First I tried on the 200k match dataset with 61 features. I repeated the tests for better accuracy.
sag is faster than newton-cg but still about 3x slower than lbfgs. It does eke out that last 0.01% accuracy though.
sag is designed for large data sets so I also tried on the 1.8 mil x 61 dataset:
It’s over 6x slower and achieves the same accuracy. Maybe sag’s benefit really shines on datasets with a large number of features: sklearn team testing used 500 features and 47k features.
Conclusion: Staying with lbfgs.
The patch notes briefly mentioned speed and memory improvements in random forests and gradient boosting.
Tried this on the 200k x 61 dataset:
|Random Forest 0.16.1||14.1 min||66.34%|
|Random Forest 0.17||13.7 min||66.39%|
The training time and accuracy fluctuations could just be differences due to randomization; random forests tend to fluctuate more than other methods from test to test. In the worst case, it doesn’t seem that much has changed. In the best case there are slight improvements.
Conclusion: Random forest is about the same, but I didn’t test memory usage.
Gradient boosting trains much more slowly than other methods so I started on the 50k x 61 dataset. I ran some tests multiple times to be certain of the results.
|Gradient Boosting 0.16.1||7.6 min||66.08%|
|Gradient Boosting 0.16.1 with feature scaling||8.8 min||66.10%|
|Gradient Boosting 0.17||11.0 min||66.17%|
|Gradient Boosting 0.17||11.6 min||66.34%|
|Gradient Boosting 0.17 with feature scaling||11.7 min||66.14%|
|Gradient Boosting 0.17 with feature scaling||11.7 min||66.17%|
|Gradient Boosting 0.17 presort=False||14.0 min||65.94%|
|Gradient Boosting 0.17 max_features=auto||11.2 min||66.19%|
Gradient boosting is clearly slower in 0.17 and generally a tad more accurate. The default presort setting is good for runtime and accuracy. Feature scaling doesn’t really help. Adjusting the max_features setting seems to help a touch (should reduce variance and improve training time).
I also tested on the 200k x 61 data:
|Gradient Boosting 0.16.1||43.9 min||67.66%|
|Gradient Boosting 0.17||62.3 min||67.75%|
Again it’s slower but more accurate. I’ve opened a ticket and right now it’s under investigation. It sounds like a change in the error computation may be the culprit.

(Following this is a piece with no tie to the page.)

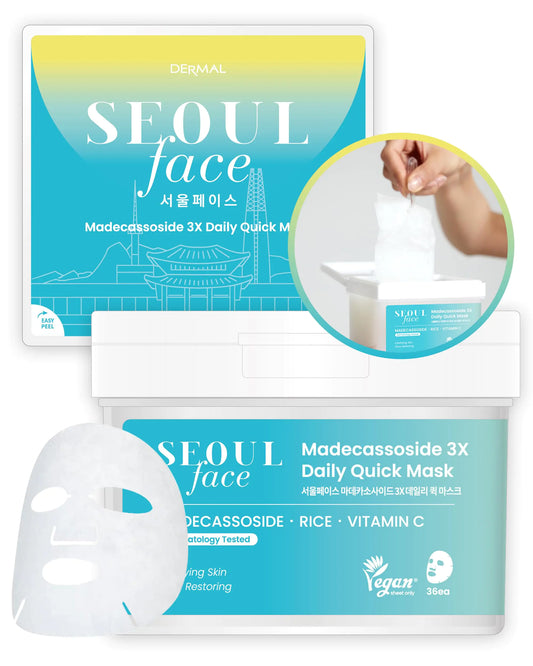 Korean Skincare 3X Madecassoside Sheet Masks - Quick Daily Use for Clear Skin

Conclusion: Gradient boosting 45% slower but a little more accurate, fix is being investigated.
In the previous post I described possible directions to get from 67.9% accuracy up to 70.0% and suggested that an ensemble of the best classifiers may be a fruitful direction but may take a bit of time to code.
Well, two things changed. First off, I found a great guide on making an ensemble in scikit-learn. I implemented a simple ensemble and improved my best results from 67.9% accuracy to 68.0% accuracy by a soft-voting ensemble of gradient boosting and neural networks. It’s not as much as I expected but it’s progress.
The second change is that scikit-learn 0.17 added VotingClassifier, implemented by Sebastian Raschka (who wrote the guide and implementation I found earlier). I ported my ensemble code to scikit-learn and it works great (though I had to change my neural network wrapper to return two columns rather than one for binary classification).
That said, I wish it had a flag to perform calibration of the probabilities of the individual classifiers. I’m currently looking into calibrating but not finding that it helps; gradient boosting has more skewed probabilities than neural networks which leads to more weight on gradient boosting. That’s an unintentionally good decision: putting more weight on the stronger classifier.
Conclusion: VotingClassifier is easy and works like a charm.
In general using the robust scaler seems like an easy solution to save time in preprocessing your data.
I tried it with logistic regression because it’s so sensitive to feature scaling. But after several tests I didn’t find any difference in either scaling+training time or accuracy.
I bolded the main point of each section so I won’t summarize. But I like the direction the scikit-learn is taking.